Kebingungan selanjutnya ditemui ketika ada pemilih yang mencoblos gambar partai sekaligus nama caleg dari partai yang sama. Menurut peraturan, seharusnya suara tersebut dihitung sah untuk caleg yang bersangkutan. Akan tetapi, petugas perhitungan menetapkan hal tersebut sebagai suara sah untuk partai yang bersangkutan.
Saya mencoba browsing untuk meluruskan hal tersebut, akan tetapi ketika ada hasil pencarian pada Google yang mengarah pada situs KPU, link tersebut tidak bisa diakses. Memang, ada aturan yang di-post pada situs lain, tetapi rasanya kurang kuat jika tidak diambil dari situs resmi penyelenggara pemilu.
Kasus tersebut, sayangnya, tidak hanya pada satu-dua surat suara. Bagi partai yang solid, yang persaingan antarcalegnya relatif kecil, mungkin kejadian di atas tidak berpengaruh banyak. Akan tetapi, dengan sistem yang "mengizinkan" kompetisi antarcaleg, kejadian tersebut bisa merugikan caleg yang bersangkutan.
Awalnya saya berpikir, mungkin penyelenggara pemilu di TPS saya yang kurang memahami aturan. Tetapi, ketika dikembalikan pada para saksi pun, para saksi sendiri juga kurang memahami bagaimana seharusnya. Sementara, dalam jeda antara perhitungan suara untuk DPR RI dan DPRD provinsi, ada seorang warga yang menanyakannya secara pribadi kepada petugas perhitungan, dan petugas tersebut hanya mengatakan itulah yang dia dapat ketika sosialisasi.
Maka patut dipertanyakan, sosialisasi seperti apa yang sudah dilakukan KPU? Mengapa ada perbedaan antara aturan yang saya temukan di internet dengan aturan yang dikatakan petugas tersebut? Kalau aturan di internet itu benar, mengapa petugas TPS ini mengatakan hasil sosialisasi yang berbeda jauh? Petugas TPS yang salah tangkap (padahal bukan cuma seorang yang mengatakannya) atau pihak yang memberikan sosialisasi yang salah? Dan kalau kata petugas TPS ini benar, aturan yang ada di internet merupakan merupakan penipuan. Tetapi kalau demikian, di mana masyarakat diharapkan mendapatkan informasi yang benar soal aturan pencoblosan ini?
Saya tak tahu apakah kasus tersebut bisa dikategorikan pelanggaran pemilu. Tetapi saya sungguh berharap, kejadian seperti ini takkan pernah terulang lagi dalam acara pemilihan apa pun.
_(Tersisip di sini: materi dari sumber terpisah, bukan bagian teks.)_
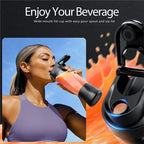 Liquidificador portátil esen-cia B89B, minibatede USB recarregável, ideal para smoothies e uso doméstico, escritório ou viagem.
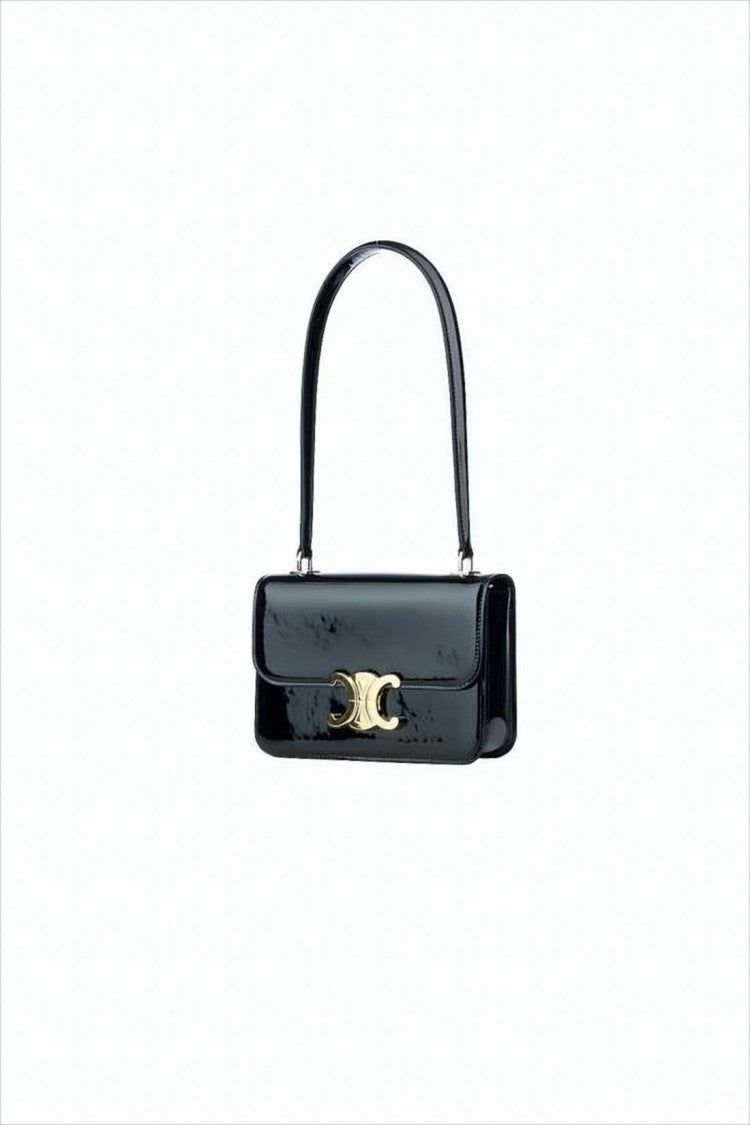 Celine Glossy Calf Leather Crossbody Bag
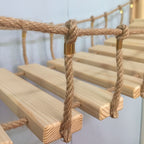 PinePath Adventure Bridge: aan de muur gemonteerde kattenloopbrug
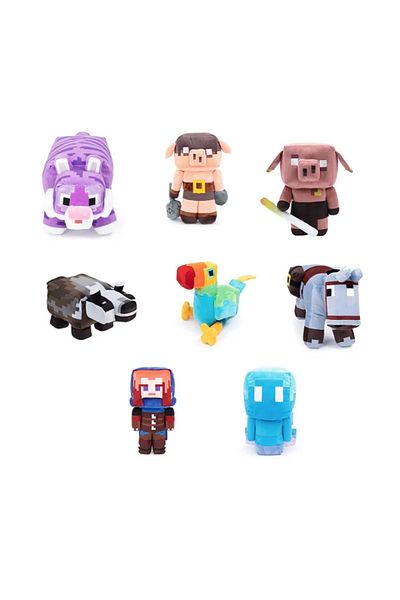 victiny set 8 Minecraft Stuffed Plush Toys Doll Cartoon Animal Plush Home Decoration Toy Fans Kids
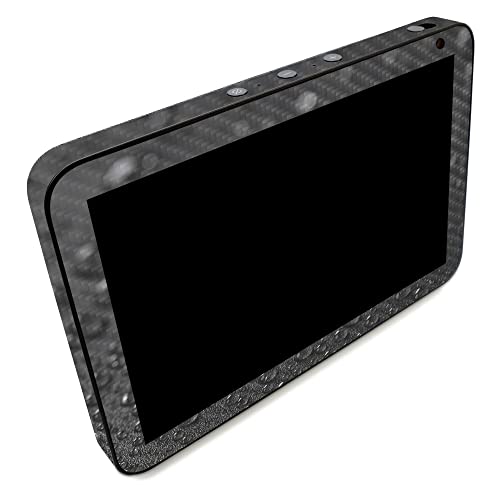 Image of MightySkins Carbon Fiber Skin Compatible with Amazon Echo Show 8 (Gen 2) - Dewdrop | Protective, Durable Textured Carbon Fiber Finish | Easy to Apply | Made in The USA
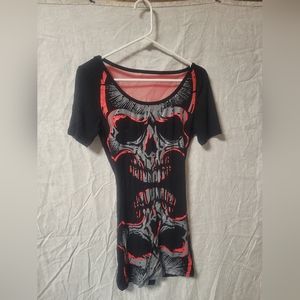 Banned skull dress tunic bodycon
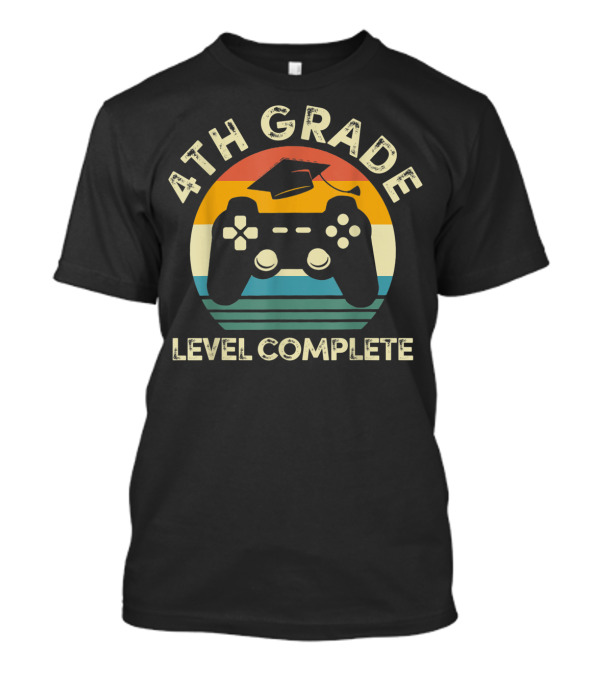 4th Grade Level Complete Video Game Graduation T-Shirt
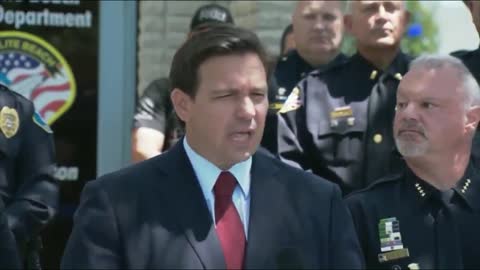 Desantis Gives Police $1000 Bonus: "Some Wanted To Defund The Police, We're Funding The Police"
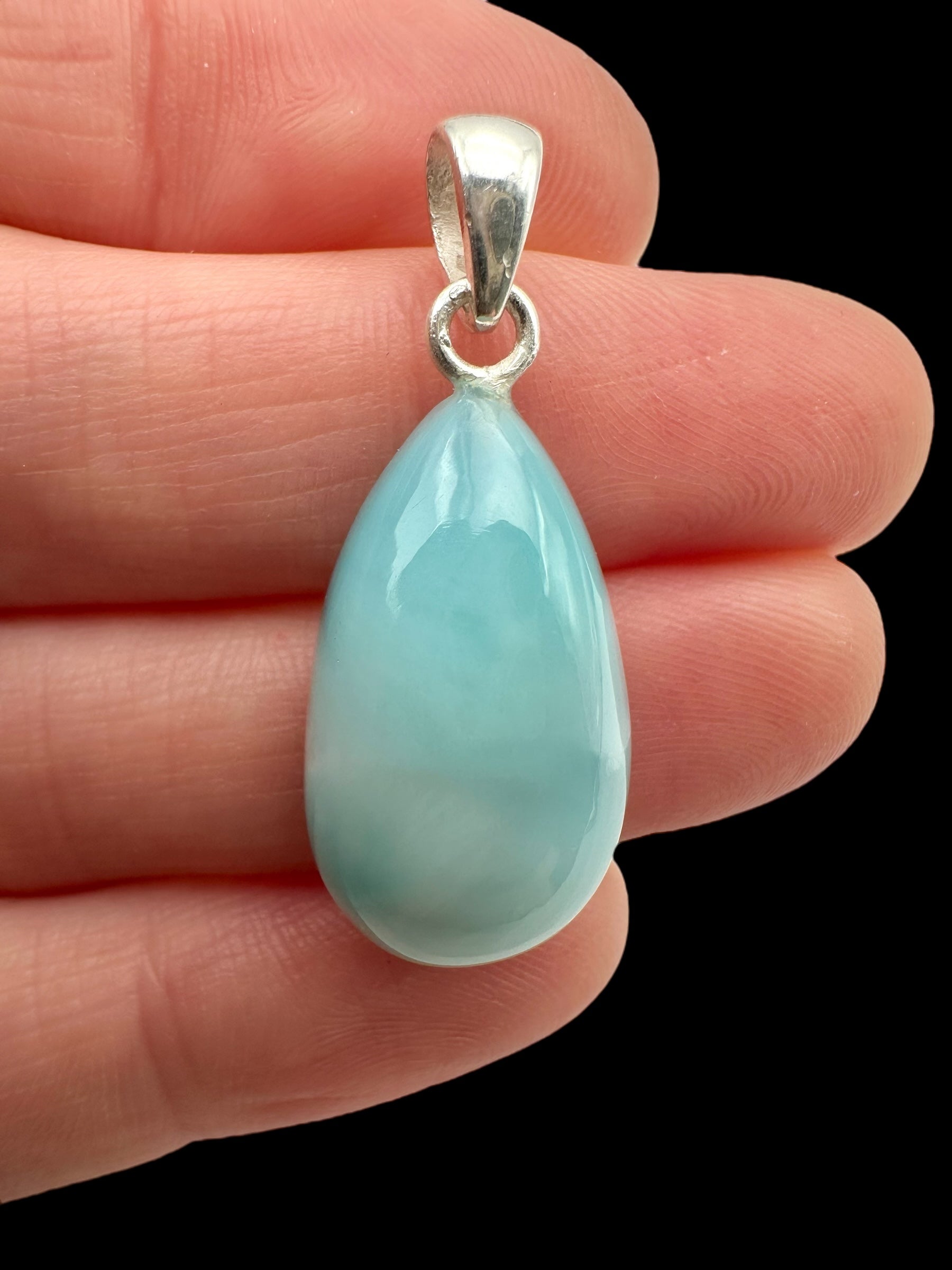 Silver larimar pendant – Dominican Republic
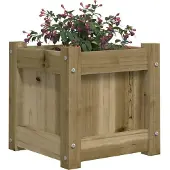 vidaXL Plantenbakken 2 st cm geïmpregneerd hout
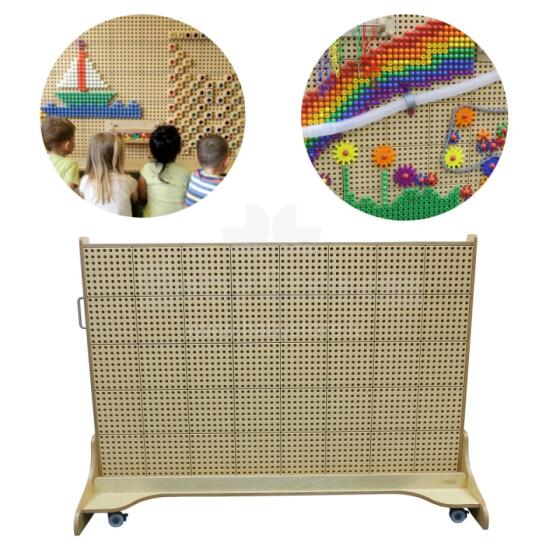 MASTERKIDZ brīvi stāvoša radoša STEM zinātnes tāfele 166 x 125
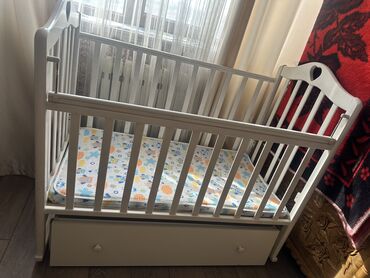 детский мальберт: 👶 Детский манеж + бамбуковый матрас 🌿 🤍 Белый цвет — аккуратный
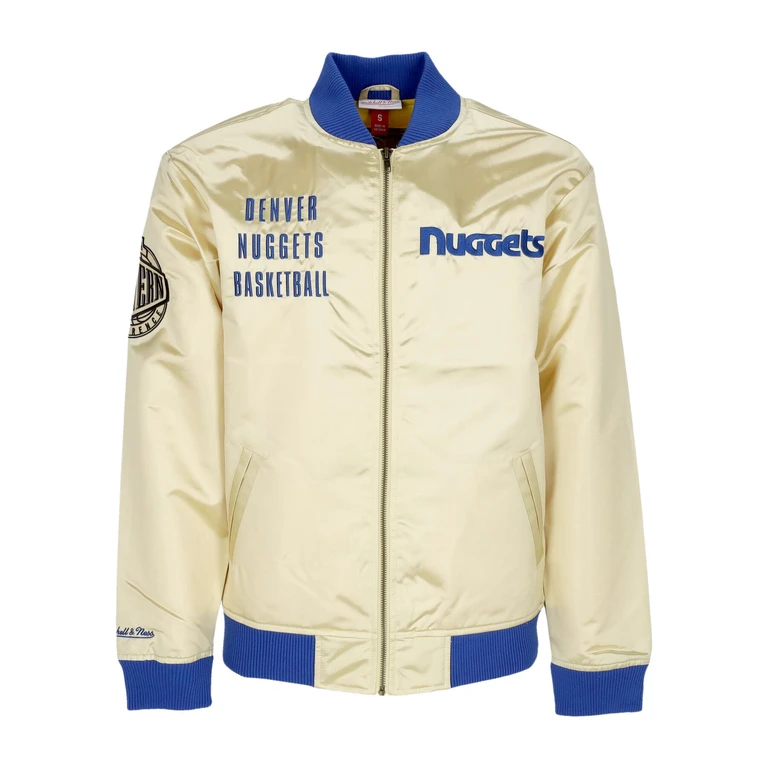 Men's Bomber Jacket Nba Team Og 2.0 Lightweight Satin Jacket Vintage Logo Dennug Gold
Khususnya untuk pemilihan presiden nanti, saya sungguh berharap akan ada sosialisasi yang jelas dan masif agar tak terjadi kesalahpahaman yang merugikan lagi, meskipun saya rasa, aturan pencoblosan untuk pemilihan presiden jauh lebih simpel dibandingkan pemilihan anggota legislatif.
NB. TPS yang saya maksud berada di Ungaran, Jawa Tengah.